▸ **Problem details**
Could you write out, exactly as they stand, only the lines in the listing below from the line with "surgen las ideologías?" to the line with "Ağrı Dağı'na 'turizm", both ends included, without the pictures?

[Data records — start]

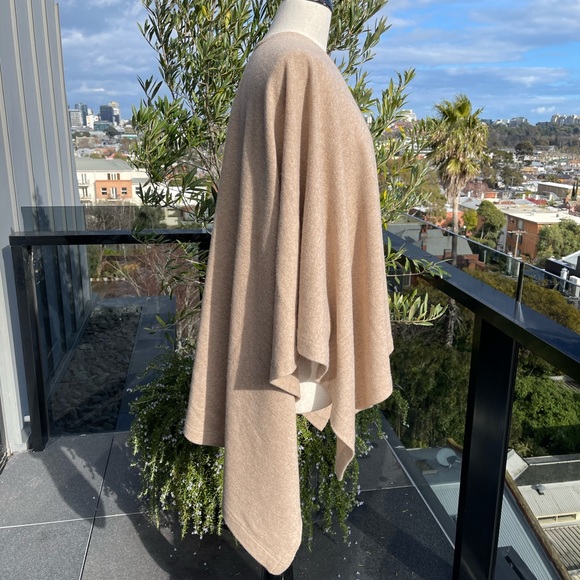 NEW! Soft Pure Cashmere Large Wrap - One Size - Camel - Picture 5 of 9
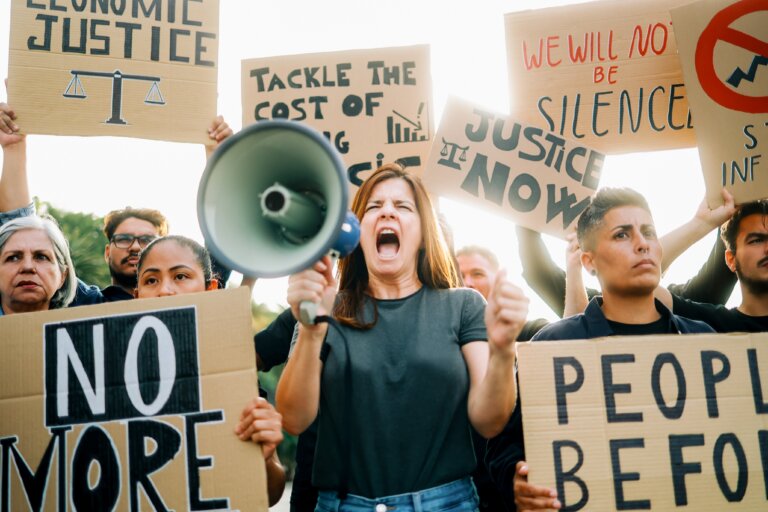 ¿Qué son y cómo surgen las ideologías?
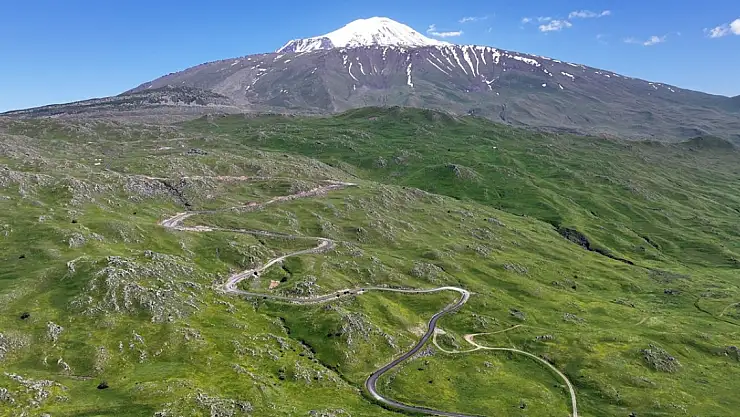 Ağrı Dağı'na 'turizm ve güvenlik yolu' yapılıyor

[Data records — finish]
[Data records — start]

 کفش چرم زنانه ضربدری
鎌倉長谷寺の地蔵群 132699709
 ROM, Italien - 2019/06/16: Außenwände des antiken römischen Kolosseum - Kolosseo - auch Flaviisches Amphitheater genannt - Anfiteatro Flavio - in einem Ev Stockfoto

[Data records — finish]
[Data records — start]

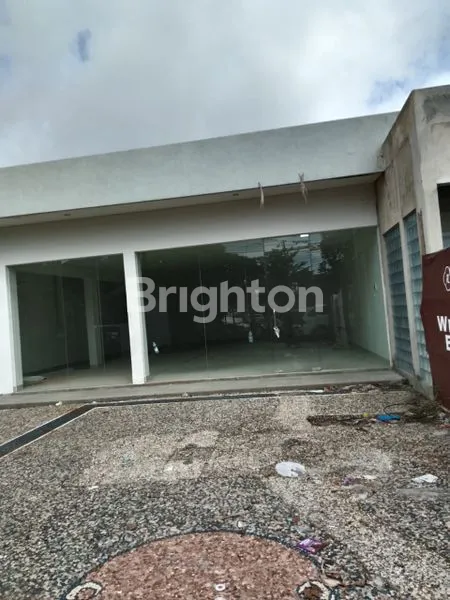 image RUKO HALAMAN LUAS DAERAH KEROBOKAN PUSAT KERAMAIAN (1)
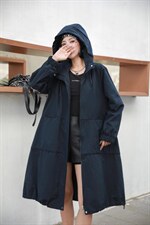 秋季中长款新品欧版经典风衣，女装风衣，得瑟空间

[Data records — finish]

▸ **Result for this task**
 ¿Qué son y cómo surgen las ideologías?
 Ağrı Dağı'na 'turizm ve güvenlik yolu' yapılıyor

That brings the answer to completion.